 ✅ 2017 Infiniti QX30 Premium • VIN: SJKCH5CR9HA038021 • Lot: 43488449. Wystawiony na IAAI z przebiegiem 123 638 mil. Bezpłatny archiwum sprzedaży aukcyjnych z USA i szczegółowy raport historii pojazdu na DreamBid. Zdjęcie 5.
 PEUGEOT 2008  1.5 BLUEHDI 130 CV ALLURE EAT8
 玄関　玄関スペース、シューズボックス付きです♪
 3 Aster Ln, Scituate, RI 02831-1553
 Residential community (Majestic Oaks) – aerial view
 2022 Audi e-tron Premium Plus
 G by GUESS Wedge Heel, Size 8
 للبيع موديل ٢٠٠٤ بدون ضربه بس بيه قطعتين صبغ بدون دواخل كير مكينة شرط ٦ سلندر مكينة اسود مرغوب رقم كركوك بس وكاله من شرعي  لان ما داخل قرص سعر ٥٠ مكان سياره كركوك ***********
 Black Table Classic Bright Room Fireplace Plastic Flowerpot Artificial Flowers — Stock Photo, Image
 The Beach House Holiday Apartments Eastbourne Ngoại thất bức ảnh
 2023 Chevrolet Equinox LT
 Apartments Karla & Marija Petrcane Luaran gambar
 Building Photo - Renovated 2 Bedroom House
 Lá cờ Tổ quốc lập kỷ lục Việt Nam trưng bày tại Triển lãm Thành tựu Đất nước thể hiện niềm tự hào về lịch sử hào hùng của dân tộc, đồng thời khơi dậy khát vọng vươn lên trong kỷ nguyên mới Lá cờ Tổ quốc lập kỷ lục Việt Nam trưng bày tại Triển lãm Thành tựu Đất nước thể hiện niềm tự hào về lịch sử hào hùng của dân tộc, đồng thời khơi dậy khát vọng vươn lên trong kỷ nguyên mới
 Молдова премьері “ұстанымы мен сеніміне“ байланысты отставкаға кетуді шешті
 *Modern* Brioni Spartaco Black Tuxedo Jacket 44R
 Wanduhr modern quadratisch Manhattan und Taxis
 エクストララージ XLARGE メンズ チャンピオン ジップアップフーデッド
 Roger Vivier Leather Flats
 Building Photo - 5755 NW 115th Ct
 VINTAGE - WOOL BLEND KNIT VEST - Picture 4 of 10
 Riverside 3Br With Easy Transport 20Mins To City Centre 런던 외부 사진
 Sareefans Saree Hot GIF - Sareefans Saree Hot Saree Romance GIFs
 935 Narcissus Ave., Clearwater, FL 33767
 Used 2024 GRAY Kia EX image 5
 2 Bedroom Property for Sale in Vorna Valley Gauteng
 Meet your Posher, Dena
-----
Your objective: Please reproduce the lines from the line with "Residential community (Majestic" to the line with "The Beach House", both ends included, exactly as they appear above.

Completed exercise:
 Residential community (Majestic Oaks) – aerial view
 2022 Audi e-tron Premium Plus
 G by GUESS Wedge Heel, Size 8
 للبيع موديل ٢٠٠٤ بدون ضربه بس بيه قطعتين صبغ بدون دواخل كير مكينة شرط ٦ سلندر مكينة اسود مرغوب رقم كركوك بس وكاله من شرعي  لان ما داخل قرص سعر ٥٠ مكان سياره كركوك ***********
 Black Table Classic Bright Room Fireplace Plastic Flowerpot Artificial Flowers — Stock Photo, Image
 The Beach House Holiday Apartments Eastbourne Ngoại thất bức ảnh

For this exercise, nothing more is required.